Most people with acid reflux don't develop Barrett's esophagus. But in patients with frequent acid reflux, the normal cells in the esophagus may eventually be replaced by cells that are similar to cells in the intestine to become Barrett's esophagus.
Does GERD Always Cause Barrett's Esophagus?
Not everyone with GERD develops Barrett's esophagus. And not everyone with Barrett's esophagus had GERD. But long-term GERD is the primary risk factor.
The sample will be examined for the presence of precancerous cells or cancer. If the biopsy confirms the presence of Barrett's esophagus, your doctor will probably recommend a follow-up endoscopy and biopsy to examine more tissue for early signs of developing cancer.
If you have Barrett's esophagus but no cancer or precancerous cells are found, the doctor will still most likely recommend that you have periodic repeat endoscopy. This is a precaution, because cancer can develop in Barrett tissue years after diagnosing Barrett's esophagus. If precancerous cells are present in the biopsy, your doctor will discuss treatment and surveillance options with you.
Can Barrett's Esophagus Be Treated?
One of the primary goals of treatment is to prevent or slow the development of Barrett's esophagus by treating and controlling acid reflux. This is done with lifestyle changes and medication. Lifestyle changes include taking steps such as:
Make changes in your diet. Fatty foods, chocolate, caffeine, spicy foods, and peppermint can aggravate reflux.
Avoid alcohol, caffeinated drinks, and tobacco.
Lose weight. Being overweight increases your risk for reflux.
Sleep with the head of the bed elevated. Sleeping with your head raised may help prevent the acid in your stomach from flowing up into the esophagus.

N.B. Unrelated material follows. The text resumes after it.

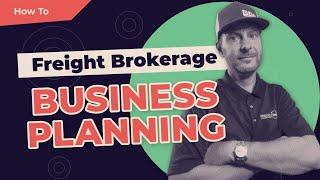 Freight Brokerage Business Planning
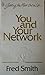 You and Your Network by Fred Smith (1987-09-03)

Don't lie down for 3 hours after eating.
Take all medicines with plenty of water.
The doctor may also prescribe medications to help. Those medications may include:
Proton pump inhibitors that reduce the production of stomach acid
Antacids to neutralize stomach acid
H2 blockers that lessen the release of stomach acid
Promotility agents -- drugs that speed up the movement of food from the stomach to the intestines
A diagnosis of Barrett's esophagus is not a cause for major alarm. Barrett's esophagus, however, can lead to precancerous changes in a small number of people and has an increased risk for cancer. So, a diagnosis is a reason to work with your doctor to be watchful of your health.